My apologies for the GARNet radio silence over the last couple of weeks – we’ve been busy helping with PlantSci 2013 preparations as well as working on our own 2013 meetings (announcement of our September workshop coming soon!), going to a few external meetings, and enjoying that arctic Easter break too.

The week before Easter I went to an ELIXIR/GOBLET Training the Trainers workshop at TGAC (The Genome Analysis Centre). If you don’t know what ELIXIR or GOBLET are … don’t worry. They’re fairly new bodies and at the moment have quite a niche target market/audience, but they will be influencing bioinformatics and computational biology use and training over the next few years.
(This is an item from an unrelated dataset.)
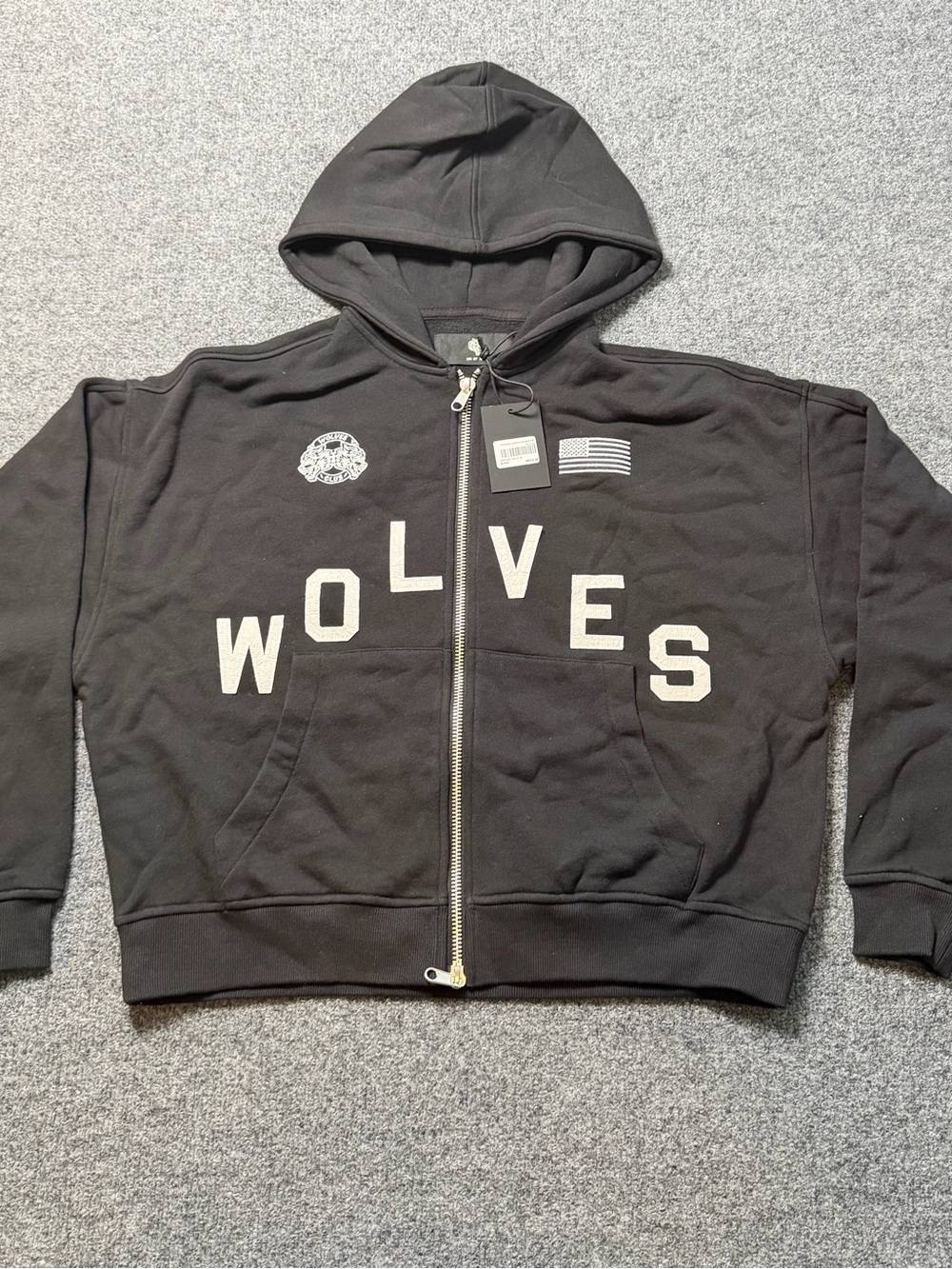 Darc Sport Hoodie Mens M Black Full Zip Wolves Sweatshirt USA Flag Bodybuilding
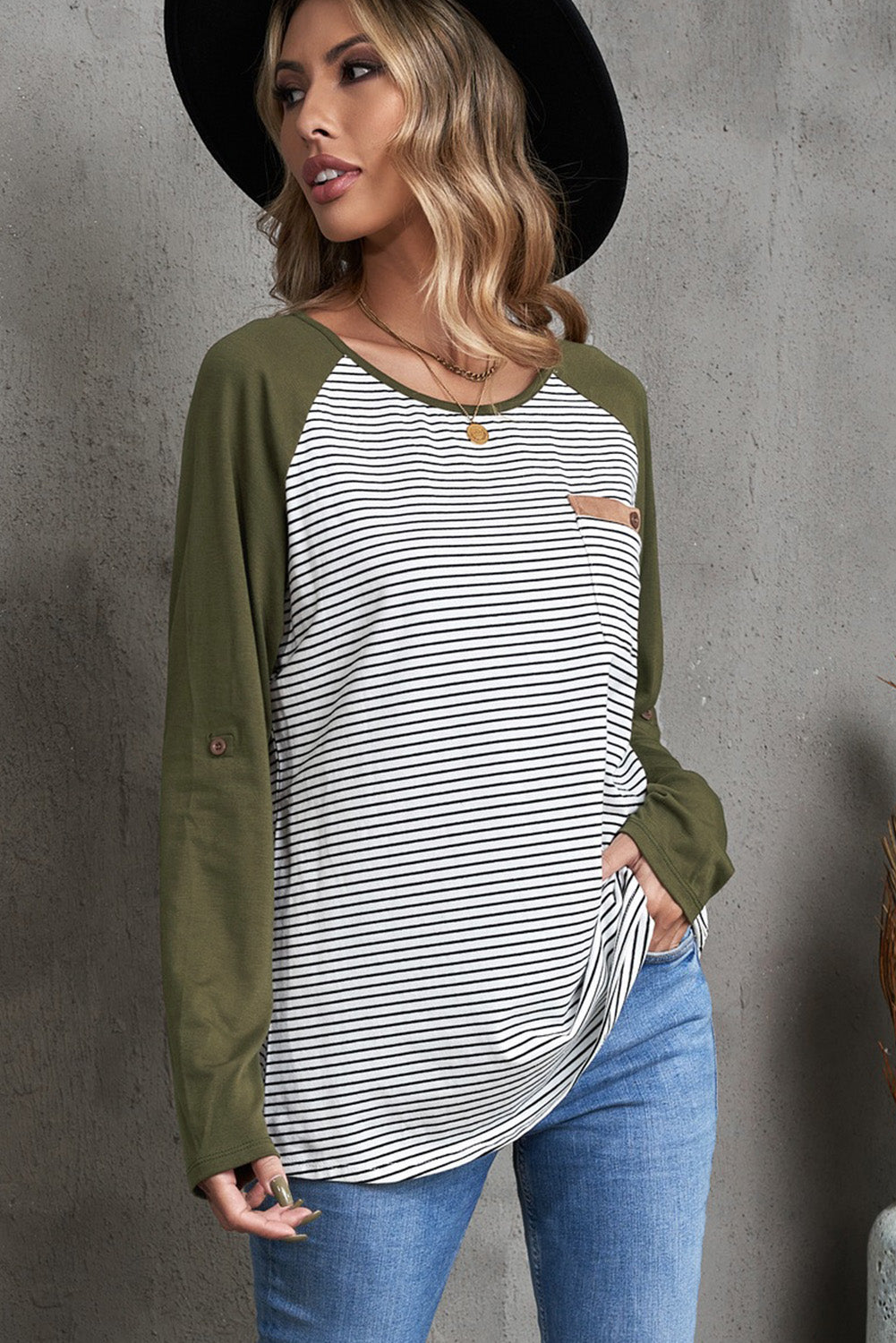 Striped Color Block Roll-Tab Sleeve Top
The ELIXIR project was FP7-funded in 2007 and aims to establish a sustainable European infrastructure for biological information. The infrastructure should eventually be a place for data storage, access, and analysis – for anyone who wants to use it in one of the member countries. Sixteen countries are participating, and each has a ‘node’ responsible for a different aspect of the project. ELIXIR-UK is based at the EBI in Cambridge, and is both the co-ordinating hub of the entire project and the training node.
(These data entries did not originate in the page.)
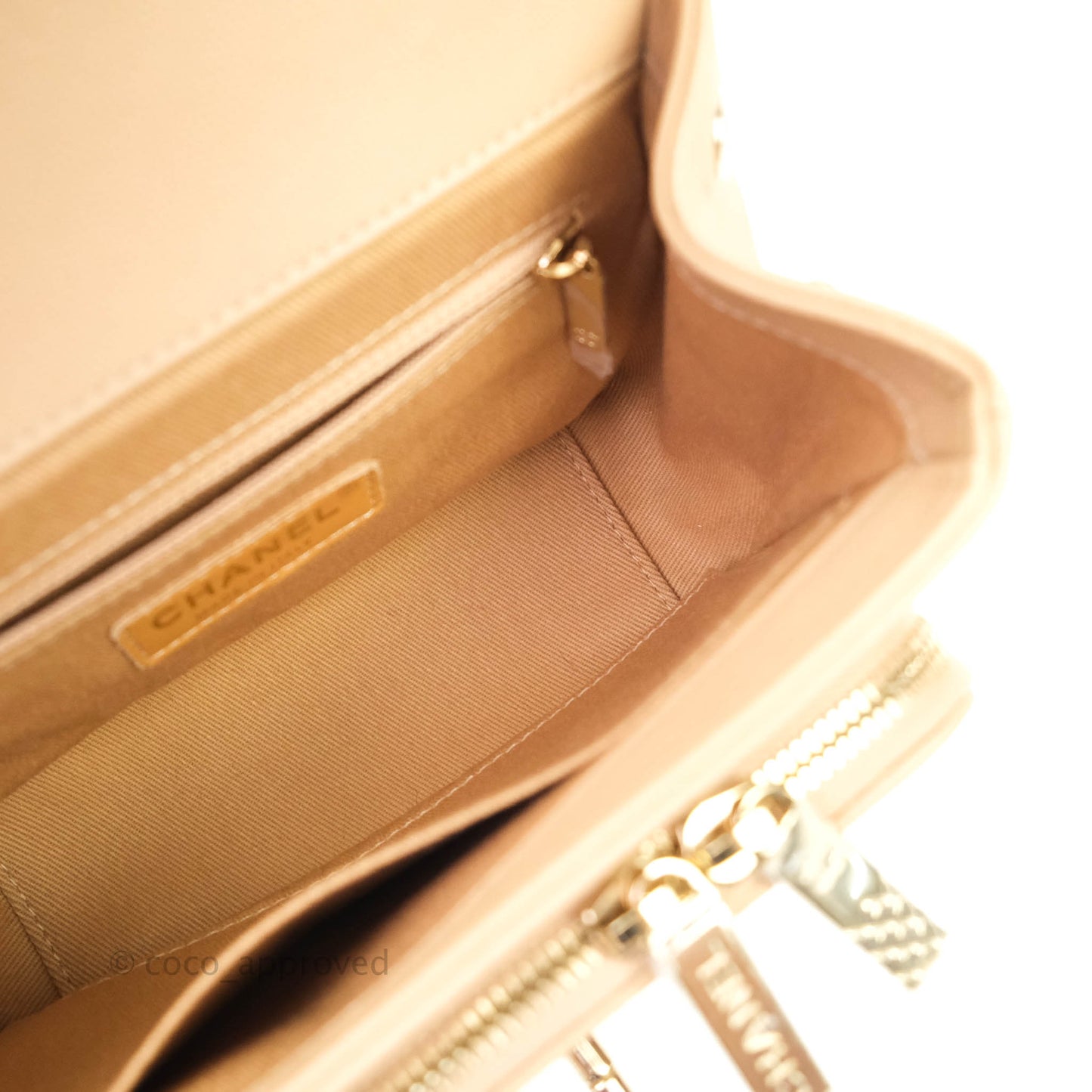 Chanel Quilted Small Business Affinity Flap Beige Caviar Light Gold Hardware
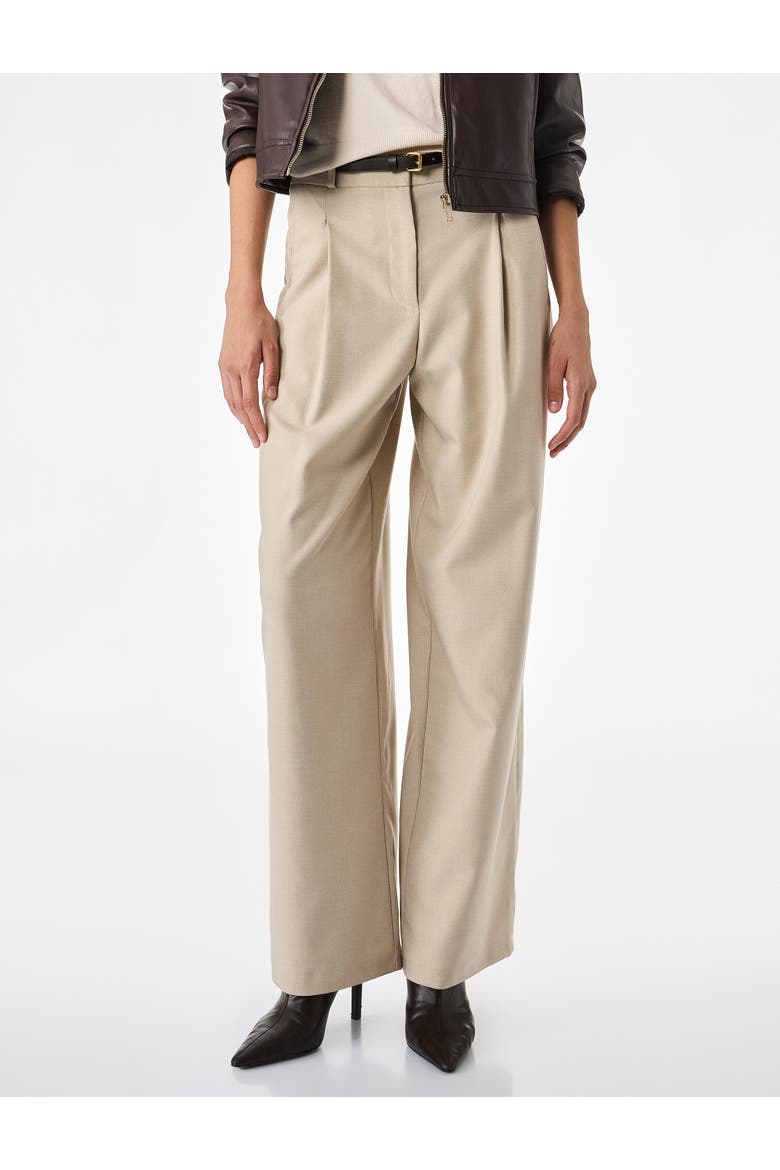 Wide Leg Tailored Trousers with Belt, Alternate, color, BEIGE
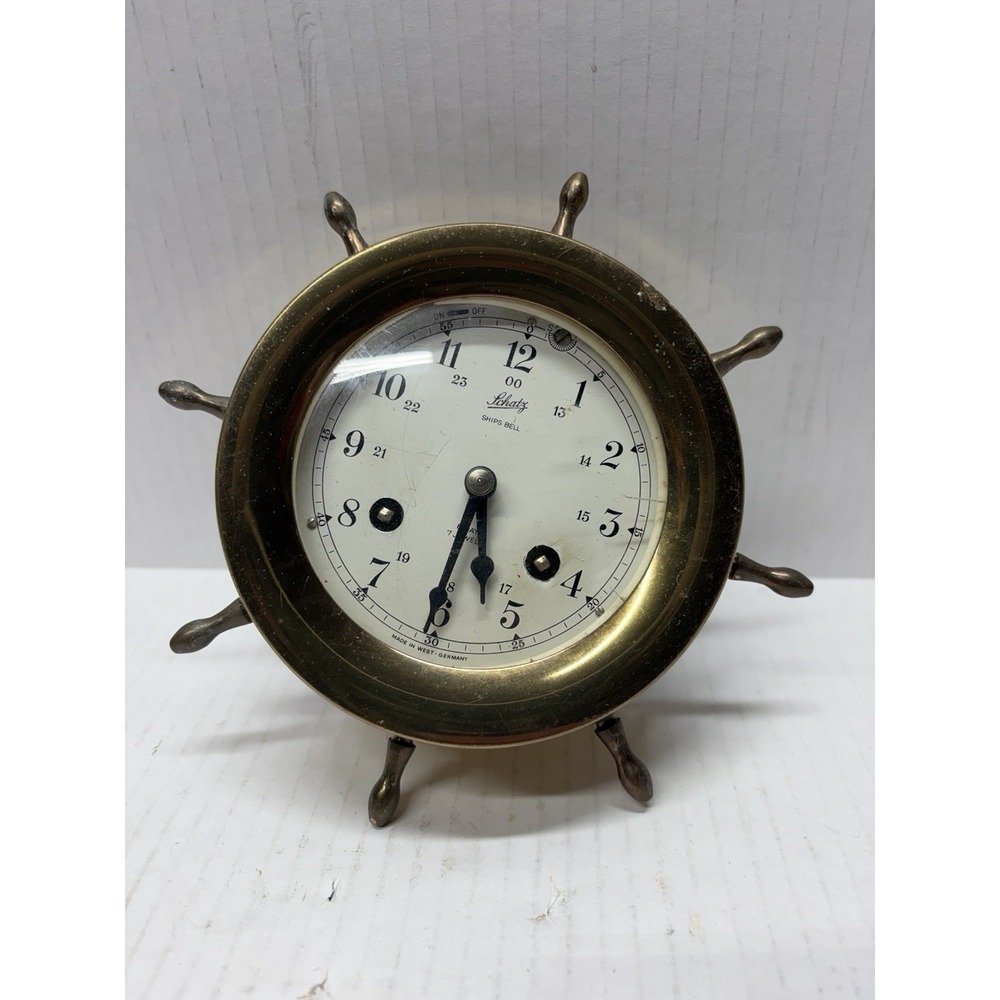 Vintage Schatz ships bell maritime clock Brass Untested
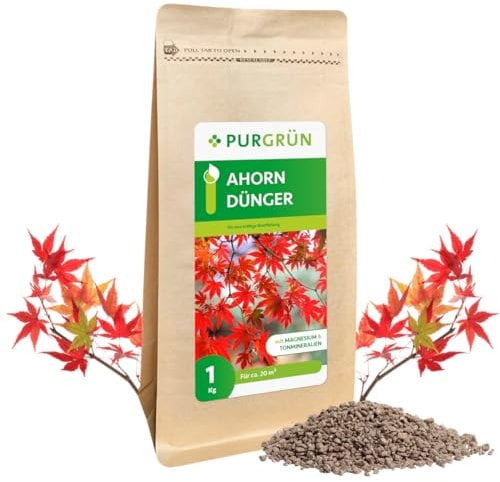 Purgrün® Ahorn-Dünger 1 kg – Organisch-mineralische Rezeptur – Feinkörniges Krümelgranulat – NPK 5+4+6 – Mit Magnesium & Tonmineralien – Extra Kalium für Widerstandsfähigkeit – Für gesunde Ahornbäume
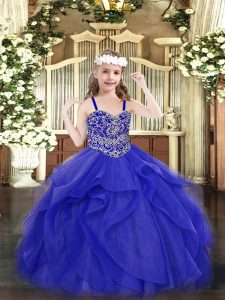 Latest Blue Winning Pageant Gowns Party and Quinceanera with Beading and Ruffles Straps Sleeveless Lace Up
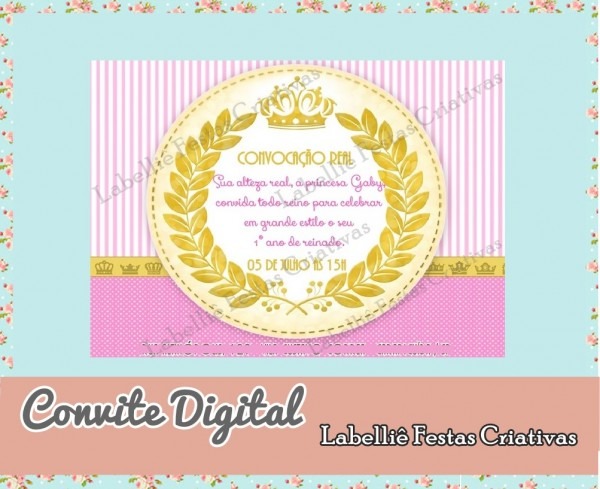 Convite digital coroa princesa rosa no elo7 Convite digital coroa princesa rosa no elo7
GOBLET is the unusually straightforward acronym for Global Organisation for Bioinformatics Learning, Education and Training. Its mission is essentially to support trainers and educators in bioinformatics and computational biology. ‘Training’ can be either a full-time job, or incorporated into another job. Their aims include establishing guidelines and standards for training, gather funding, and forming a networking and support hub where resources can be shared internationally.